Theaterschliessung in Wuppertal: Kampf der Kulturen

An Kultur wird immer weiter gespart, nun soll das Schauspielhaus Wuppertal geschlossen werden. Die Künstler protestieren.

Heinrich Böll sprach sich 1966 für „die Freiheit der Kunst" aus. Daran scheinen sich die Politiker in Wuppertal nicht mehr zu erinnern. Bild: dpa

Der kubische Bau am Fluss Wupper scheint zu schweben. Ein schmales Fensterband trennt den gigantischen Gebäudekörper optisch von seinem Sockel. Das Schauspielhaus Wuppertal steht für das große Selbstbewusstsein von einst. Zur Einweihung 1966 hielt Heinrich Böll seine Rede „Die Freiheit der Kunst“.
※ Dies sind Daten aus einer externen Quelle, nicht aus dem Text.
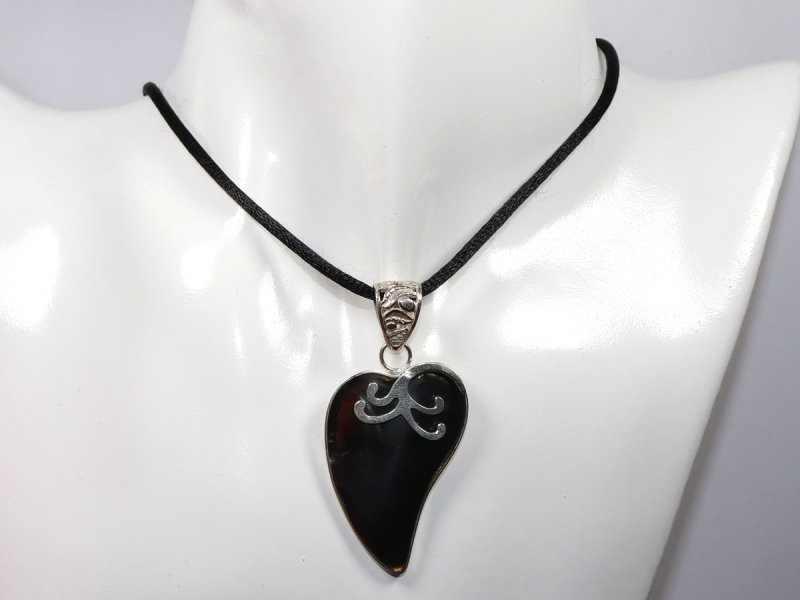 abalone shell with cord or silver 925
Bis in die 1990er Jahre gehörte das Haus unter Intendanten wie Arno Wüstenhöfer, unter dem die Tanztheater-Pionierin Pina Bausch ihre Karriere begann, zu den angesehenen Deutschlands. Heute wächst davor das Gras aus den Fugen, der Eingang ist dunkel. Noch bis zum Sommer finden im Foyer Aufführungen statt, die Besucher müssen vorbei an geschlossenen Kassenhäuschen und verriegelten Seiteneingängen. In einem guten halben Jahr wird das Haus ganz geschlossen.

Das Kultursterben in den armen Städten hat begonnen, nicht nur in Wuppertal. Auch Theater in der Nähe sind gefährdet, wie in Essen oder Oberhausen.
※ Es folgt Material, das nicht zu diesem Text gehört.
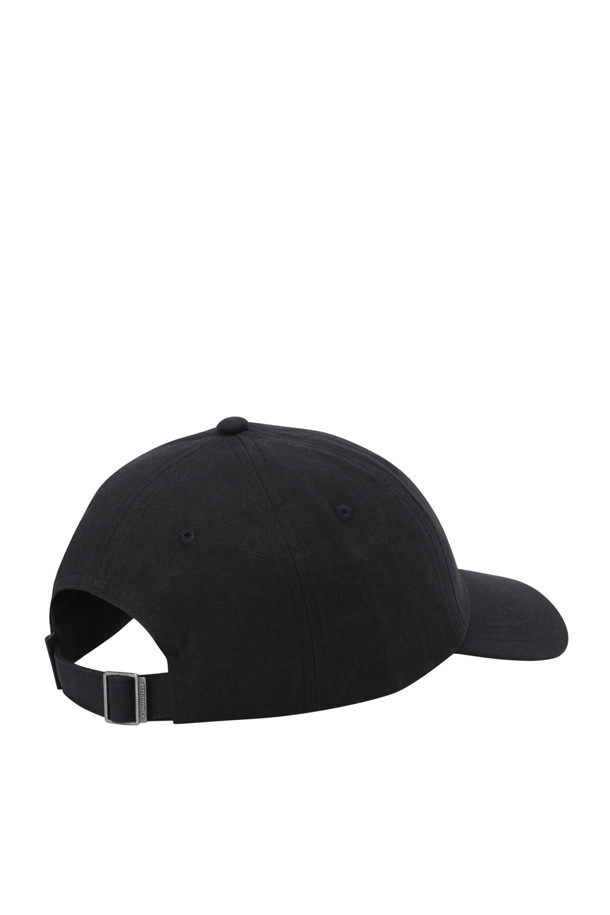 P-6 라벨 트래드 캡 - 블랙은 캐주얼, 미니멀, 클래식 스타일을 아우르는 볼캡입니다. 산책룩, 여행룩에 잘 어울리며, 봄, 여름, 가을 계절에 착용하기 좋습니다. 부드러운 순면과 폐그물 재생 소재 챙으로 제작되어 편안한 착용감을 선사합니다. 6패널 디자인에 라벨 장식이 돋보이며, 원단 스트랩으로 사이즈 조절이 가능합니다. 무지 디자인의 블랙 컬러로 어떤 스타일에도 쉽게 매치할 수 있습니다.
Am Montag tritt der Stadtrat zusammen, um die Zukunft der Schauspielsparte zu beschließen. Das Ensemble soll nochmals um ein Drittel reduziert werden, von 14 auf 10 Mitglieder. Auf dem Spielplan werden in der nächsten Spielzeit sechs Inszenierungen stehen – derzeit sind es elf. Ab 2014 soll eine kleinere Halle das Schauspielhaus ersetzen, finanziert durch Sponsoren.
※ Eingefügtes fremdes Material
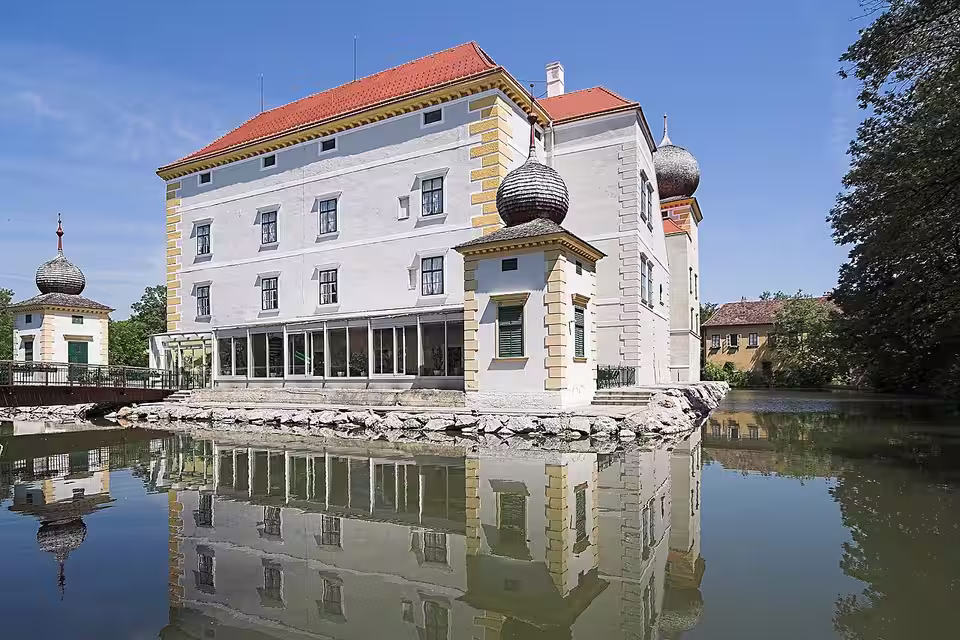 Wasserschloss Kottingbrunn mit Spiegelung im Wasser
Nebelschwadenbilder der Kunst

Drei Jahre Kulturkampf haben die Schauspieler hinter sich. Sie treffen sich im Hayat, einer Kneipe auf dem Ölberg, dem einstigen Arbeiterviertel Wuppertals. Pächter Mehmet, ein bärtiger Kurde, steht fast jeden Abend selbst hinter der Theke. Es ist laut, Rauchschwaden vernebeln die Sicht. Gerade sind die letzten Ensemblemitglieder von der Probe eingetroffen. „Es geht nicht nur um uns“, sagt eine junge Schauspielerin. Die Künstler sind sicher, ihr Haus ist eines der ersten, aber nicht das letzte, das kaputtgespart werden soll.

Die Frage sei nicht: „Schauspiel oder Kindergärten“, sagt ein Regisseur. Diese Gegenüberstellung sei so alt wie falsch. Soziales und Kultur gingen Hand in Hand. „Eines zu besparen bedeutet eine Reduzierung im Ganzen.“ Am Montag wollen die Schauspieler zusammen mit Wuppertaler Bürgern im Rathaus gegen die Sparpläne demonstrieren.

Das hat schon einmal etwas gebracht. 2010 fanden sich die Theater Nordhrein-Westfalens zu einem Soli-Theater-Marathon in Wuppertal zusammen. Fast 70 Theater reisten zum Welttheatertag an, es gab Menschenketten für den Erhalt des Hauses und gegen die Streichung des Etat von jährlich 2 Millionen Euro.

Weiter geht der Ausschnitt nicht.